Learning Rate Schedules and Warmup, Explained

You already know what a learning rate is: the size of the step your model takes downhill each time it learns. What almost nobody tells you up front is that picking one good number and leaving it there for the entire run is, frankly, a rookie move. A fixed learning rate is like driving from your house to the motorway, down the motorway, and into a tight car park — all at exactly 50 mph. Too slow for the open road, lethal in the car park. The fix is to change the speed as you go. That’s all a learning rate schedule is.

Why a fixed rate is suboptimal

Training has phases. Early on, you’re miles from any good solution, so big confident steps pay off — you want to cover ground. Later, you’re hovering near a minimum, and big steps just make you bounce around the valley floor, never settling. The same number can’t be right for both. Hold it high and you never converge cleanly; hold it low and the first half of training crawls while your GPU meter spins like a taxi fare.

The intuition that runs through every schedule below is the same: start high to explore, end low to settle. Explore the landscape boldly, then tiptoe into the valley.

The classic decay schedules

The oldest trick is to simply turn the learning rate down over time. Three flavours dominate:

Step decay: keep it constant, then chop it (say, multiply by 0.1) every N epochs. Crude, effective, beloved by old-school computer-vision papers. You can usually spot the cliffs in the loss curve where the rate dropped.
Exponential decay: multiply by a fixed factor every step, so it glides down a smooth curve instead of falling off staircases. Gentler, fewer knobs to tune.
Cosine annealing: follow the shape of a half-cosine from your starting rate down to (near) zero. It lingers high for a while, then eases off gracefully at the end. This is the modern default, and for good reason — it just tends to work, and it has only one real parameter (how long the run is).
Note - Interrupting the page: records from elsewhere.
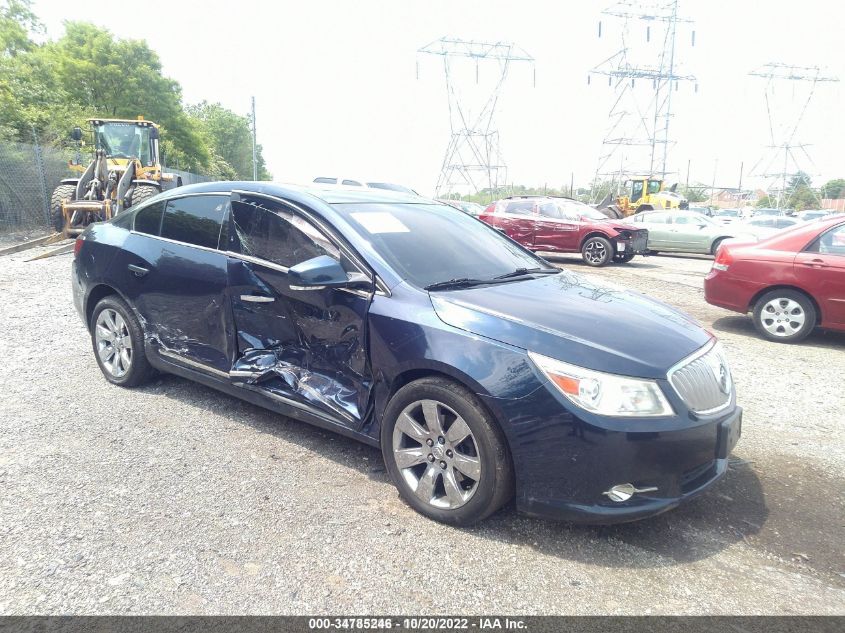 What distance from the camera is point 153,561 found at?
2.61m

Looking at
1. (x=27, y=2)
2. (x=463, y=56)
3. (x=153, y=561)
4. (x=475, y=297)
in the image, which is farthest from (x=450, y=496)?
(x=27, y=2)

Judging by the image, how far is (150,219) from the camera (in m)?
4.59

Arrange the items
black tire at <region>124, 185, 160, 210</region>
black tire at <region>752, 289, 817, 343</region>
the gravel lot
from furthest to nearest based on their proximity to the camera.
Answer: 1. black tire at <region>124, 185, 160, 210</region>
2. black tire at <region>752, 289, 817, 343</region>
3. the gravel lot

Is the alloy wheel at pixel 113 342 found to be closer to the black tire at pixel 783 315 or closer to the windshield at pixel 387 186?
the black tire at pixel 783 315

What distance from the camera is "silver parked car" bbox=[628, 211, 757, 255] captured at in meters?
17.4

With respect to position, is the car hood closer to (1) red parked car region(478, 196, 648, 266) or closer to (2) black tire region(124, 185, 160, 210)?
(1) red parked car region(478, 196, 648, 266)

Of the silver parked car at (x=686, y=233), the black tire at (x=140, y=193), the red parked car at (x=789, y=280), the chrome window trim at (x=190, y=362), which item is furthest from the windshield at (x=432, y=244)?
the silver parked car at (x=686, y=233)

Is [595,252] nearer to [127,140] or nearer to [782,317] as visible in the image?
[782,317]

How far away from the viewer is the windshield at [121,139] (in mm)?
17297

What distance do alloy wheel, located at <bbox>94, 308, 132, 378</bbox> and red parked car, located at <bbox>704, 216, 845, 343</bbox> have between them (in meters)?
6.49

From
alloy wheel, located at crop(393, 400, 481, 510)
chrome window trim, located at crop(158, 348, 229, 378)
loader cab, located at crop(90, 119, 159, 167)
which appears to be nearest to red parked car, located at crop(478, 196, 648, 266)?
loader cab, located at crop(90, 119, 159, 167)

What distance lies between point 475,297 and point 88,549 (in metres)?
2.18

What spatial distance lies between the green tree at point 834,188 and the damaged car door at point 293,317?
7909cm

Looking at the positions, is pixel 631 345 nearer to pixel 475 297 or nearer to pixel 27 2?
pixel 475 297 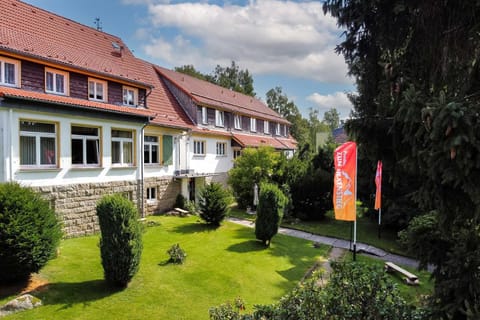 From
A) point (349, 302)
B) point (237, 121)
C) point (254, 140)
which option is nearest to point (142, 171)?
point (237, 121)

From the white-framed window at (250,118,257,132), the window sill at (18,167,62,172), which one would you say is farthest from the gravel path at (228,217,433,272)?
the white-framed window at (250,118,257,132)

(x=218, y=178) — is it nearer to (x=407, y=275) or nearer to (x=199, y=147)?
(x=199, y=147)

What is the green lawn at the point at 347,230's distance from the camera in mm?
14617

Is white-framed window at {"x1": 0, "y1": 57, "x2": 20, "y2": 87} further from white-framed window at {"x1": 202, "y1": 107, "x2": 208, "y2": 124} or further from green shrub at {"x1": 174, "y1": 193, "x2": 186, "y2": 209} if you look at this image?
white-framed window at {"x1": 202, "y1": 107, "x2": 208, "y2": 124}

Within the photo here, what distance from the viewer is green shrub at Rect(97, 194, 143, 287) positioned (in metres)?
7.79

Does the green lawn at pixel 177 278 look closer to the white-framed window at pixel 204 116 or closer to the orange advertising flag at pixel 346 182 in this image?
the orange advertising flag at pixel 346 182

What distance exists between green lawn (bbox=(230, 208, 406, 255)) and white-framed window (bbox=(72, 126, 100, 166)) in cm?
896

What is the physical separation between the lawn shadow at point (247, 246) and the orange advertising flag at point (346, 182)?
354 centimetres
Warmup: starting slow on purpose

Here’s the plot twist that confuses everyone. After all that talk of starting high, the very first thing many modern training runs do is start low and ramp up over the first few hundred or few thousand steps. This is warmup, and it looks like a contradiction until you see why.

The culprit is the optimiser, usually Adam. Adam scales each step using a running estimate of recent gradient variance — but at step one, it has almost no history, so that estimate is wildly noisy. Feed it your full learning rate immediately and those early, jittery updates can fling the weights somewhere awful before training has found its footing. Warmup hands Adam a few easy reps to stabilise its estimates before you ask it to lift heavy.
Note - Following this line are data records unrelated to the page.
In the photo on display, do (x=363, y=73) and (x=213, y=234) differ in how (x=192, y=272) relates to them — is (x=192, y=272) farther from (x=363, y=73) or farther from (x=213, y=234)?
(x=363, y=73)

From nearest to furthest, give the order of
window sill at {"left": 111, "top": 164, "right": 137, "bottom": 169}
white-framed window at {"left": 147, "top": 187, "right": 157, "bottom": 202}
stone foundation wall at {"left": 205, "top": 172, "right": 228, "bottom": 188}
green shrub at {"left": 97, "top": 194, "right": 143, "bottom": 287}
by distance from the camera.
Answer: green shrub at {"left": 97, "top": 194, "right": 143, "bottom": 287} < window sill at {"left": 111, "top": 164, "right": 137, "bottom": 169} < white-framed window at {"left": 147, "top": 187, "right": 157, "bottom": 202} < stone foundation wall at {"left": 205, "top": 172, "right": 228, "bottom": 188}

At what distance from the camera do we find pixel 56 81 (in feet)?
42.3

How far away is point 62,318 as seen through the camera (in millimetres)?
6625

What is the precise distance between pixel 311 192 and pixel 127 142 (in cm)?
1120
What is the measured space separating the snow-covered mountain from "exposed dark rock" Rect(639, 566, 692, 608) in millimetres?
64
Why transformers especially? This variance problem theoretically affects any Adam-trained model, yet in practice it’s transformers (and deep ones — three layers or fewer often skip it) that genuinely fall over without warmup. Their architecture is unusually sensitive in the high-drift early phase, so warmup acts as a throttle, preventing runaway updates before the network settles into a well-behaved regime. The canonical recipe — warm up, then cosine-decay back down — is everywhere from BERT to the latest LLMs for exactly this reason.
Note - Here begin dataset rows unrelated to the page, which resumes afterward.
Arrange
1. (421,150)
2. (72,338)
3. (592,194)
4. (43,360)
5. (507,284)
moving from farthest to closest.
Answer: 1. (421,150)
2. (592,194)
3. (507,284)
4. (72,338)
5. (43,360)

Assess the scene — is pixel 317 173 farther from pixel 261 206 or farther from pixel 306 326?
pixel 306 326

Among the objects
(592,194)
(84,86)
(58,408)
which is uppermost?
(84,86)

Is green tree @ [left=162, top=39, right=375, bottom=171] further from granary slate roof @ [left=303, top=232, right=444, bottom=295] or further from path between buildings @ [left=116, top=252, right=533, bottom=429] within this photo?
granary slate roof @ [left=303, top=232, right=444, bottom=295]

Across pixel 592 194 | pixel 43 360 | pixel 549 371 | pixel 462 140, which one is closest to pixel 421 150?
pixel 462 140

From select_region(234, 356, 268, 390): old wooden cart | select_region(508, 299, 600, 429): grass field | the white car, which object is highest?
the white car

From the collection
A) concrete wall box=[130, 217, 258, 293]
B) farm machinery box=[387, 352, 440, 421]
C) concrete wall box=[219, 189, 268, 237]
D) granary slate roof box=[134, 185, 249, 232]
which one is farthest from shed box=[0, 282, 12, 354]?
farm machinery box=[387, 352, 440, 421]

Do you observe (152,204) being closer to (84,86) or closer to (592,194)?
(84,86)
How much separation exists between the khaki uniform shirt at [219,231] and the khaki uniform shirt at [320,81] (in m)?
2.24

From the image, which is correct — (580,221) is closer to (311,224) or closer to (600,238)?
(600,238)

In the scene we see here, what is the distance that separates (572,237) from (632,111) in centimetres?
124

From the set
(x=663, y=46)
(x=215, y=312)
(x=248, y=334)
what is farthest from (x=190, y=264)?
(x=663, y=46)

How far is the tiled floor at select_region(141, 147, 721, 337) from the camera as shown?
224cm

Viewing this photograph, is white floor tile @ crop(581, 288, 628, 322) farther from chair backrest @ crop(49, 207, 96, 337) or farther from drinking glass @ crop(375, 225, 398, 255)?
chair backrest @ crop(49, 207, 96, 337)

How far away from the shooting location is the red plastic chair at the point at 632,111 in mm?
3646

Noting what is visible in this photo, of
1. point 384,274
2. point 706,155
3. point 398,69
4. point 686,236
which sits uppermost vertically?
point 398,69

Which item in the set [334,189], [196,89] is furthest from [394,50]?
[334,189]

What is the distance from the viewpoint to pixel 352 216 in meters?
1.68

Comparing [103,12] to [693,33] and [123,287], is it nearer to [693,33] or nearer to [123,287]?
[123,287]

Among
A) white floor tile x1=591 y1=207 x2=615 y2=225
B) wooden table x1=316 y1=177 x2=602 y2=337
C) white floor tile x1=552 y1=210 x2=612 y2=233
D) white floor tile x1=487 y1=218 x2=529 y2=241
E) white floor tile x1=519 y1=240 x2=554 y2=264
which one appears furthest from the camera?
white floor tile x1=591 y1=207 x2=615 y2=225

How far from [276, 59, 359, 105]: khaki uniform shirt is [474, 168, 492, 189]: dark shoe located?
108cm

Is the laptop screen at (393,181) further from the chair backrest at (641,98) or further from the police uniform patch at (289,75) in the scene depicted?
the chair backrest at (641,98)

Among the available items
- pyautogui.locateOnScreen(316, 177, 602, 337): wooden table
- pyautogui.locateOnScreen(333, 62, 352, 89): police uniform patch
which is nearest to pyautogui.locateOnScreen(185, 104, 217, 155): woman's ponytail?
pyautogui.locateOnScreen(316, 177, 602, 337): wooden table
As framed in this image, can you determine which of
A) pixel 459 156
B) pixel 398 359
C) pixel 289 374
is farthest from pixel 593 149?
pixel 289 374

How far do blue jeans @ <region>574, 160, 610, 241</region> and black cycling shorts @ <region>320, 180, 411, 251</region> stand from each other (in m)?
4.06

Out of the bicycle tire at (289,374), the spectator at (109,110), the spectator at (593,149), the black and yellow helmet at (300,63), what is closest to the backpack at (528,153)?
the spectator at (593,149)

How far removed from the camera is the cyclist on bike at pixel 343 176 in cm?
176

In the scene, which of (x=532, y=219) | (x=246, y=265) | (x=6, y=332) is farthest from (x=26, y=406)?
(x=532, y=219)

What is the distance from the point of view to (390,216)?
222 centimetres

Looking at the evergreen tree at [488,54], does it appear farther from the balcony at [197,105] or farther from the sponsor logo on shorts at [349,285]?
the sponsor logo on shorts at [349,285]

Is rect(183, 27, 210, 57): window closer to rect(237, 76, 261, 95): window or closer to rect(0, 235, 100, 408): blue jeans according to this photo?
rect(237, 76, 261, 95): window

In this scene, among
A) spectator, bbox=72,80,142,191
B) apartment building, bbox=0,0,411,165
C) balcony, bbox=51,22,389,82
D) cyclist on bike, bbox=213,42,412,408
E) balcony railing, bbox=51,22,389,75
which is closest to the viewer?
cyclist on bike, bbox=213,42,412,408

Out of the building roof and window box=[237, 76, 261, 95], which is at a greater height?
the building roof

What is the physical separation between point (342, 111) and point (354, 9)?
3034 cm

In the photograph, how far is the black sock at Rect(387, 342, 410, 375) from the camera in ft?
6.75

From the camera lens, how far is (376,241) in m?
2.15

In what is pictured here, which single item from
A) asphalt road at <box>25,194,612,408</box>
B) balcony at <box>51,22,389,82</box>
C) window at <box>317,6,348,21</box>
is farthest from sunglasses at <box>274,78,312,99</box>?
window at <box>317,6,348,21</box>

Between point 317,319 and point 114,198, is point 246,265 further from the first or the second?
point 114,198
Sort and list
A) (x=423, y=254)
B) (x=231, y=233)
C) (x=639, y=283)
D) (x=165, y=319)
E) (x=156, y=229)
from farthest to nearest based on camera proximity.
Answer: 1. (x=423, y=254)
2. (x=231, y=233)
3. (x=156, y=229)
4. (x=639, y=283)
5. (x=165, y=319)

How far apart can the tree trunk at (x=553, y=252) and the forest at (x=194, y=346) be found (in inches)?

Warm restarts and ReduceLROnPlateau

Two more tools worth knowing:

Warm restarts (SGDR) periodically yank the rate back up to its peak and cosine-anneal down again, over and over. Deliberately jolting it high can knock the model out of a mediocre minimum so it can find a better one — like shaking the box to settle the cereal properly.

ReduceLROnPlateau is the pragmatist’s schedule: don’t decide in advance, just watch. If the validation loss stops improving for a few epochs, cut the rate. It reacts to your actual training instead of a fixed timetable, which makes it a great low-effort default when you don’t know how long things will take.

In code

PyTorch bundles these as schedulers you step alongside the optimiser. Here’s the warmup-then-cosine combo that powers most transformer training:

import torch
from torch.optim import AdamW
from torch.optim.lr_scheduler import LinearLR, CosineAnnealingLR, SequentialLR

optimizer = AdamW(model.parameters(), lr=3e-4)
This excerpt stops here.